__WHAT IS BEING ASKED__
Using the material below, print a verbatim copy of every line from the one containing "Aplikasi Kredit HP Kredivo" through the one containing "Sudadera con capucha - Azul", inclusive, and omit the pictures.

__RECORDS TO USE__

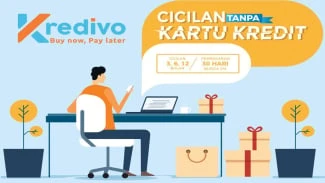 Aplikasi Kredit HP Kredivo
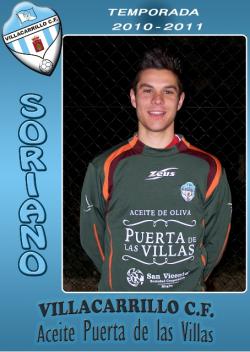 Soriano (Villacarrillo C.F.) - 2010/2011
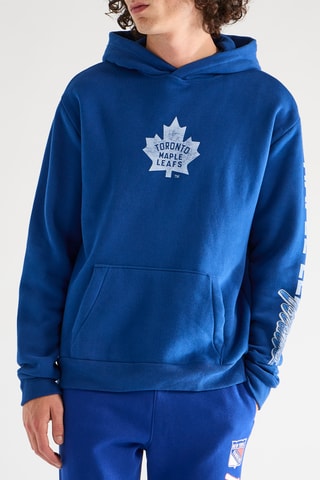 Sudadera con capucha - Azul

...

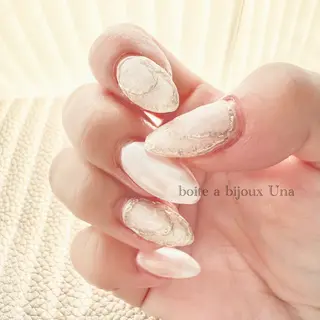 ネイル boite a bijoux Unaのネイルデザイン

---

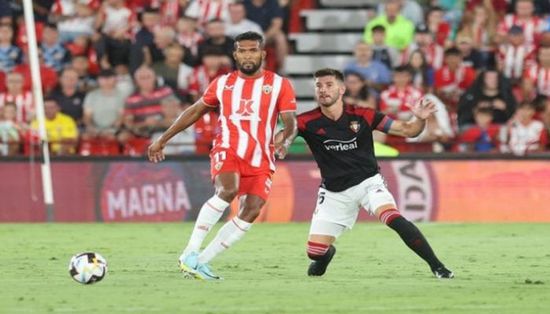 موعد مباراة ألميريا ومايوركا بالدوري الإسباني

__ANSWER TO THE PROBLEM__
 Aplikasi Kredit HP Kredivo
 Soriano (Villacarrillo C.F.) - 2010/2011
 Sudadera con capucha - Azul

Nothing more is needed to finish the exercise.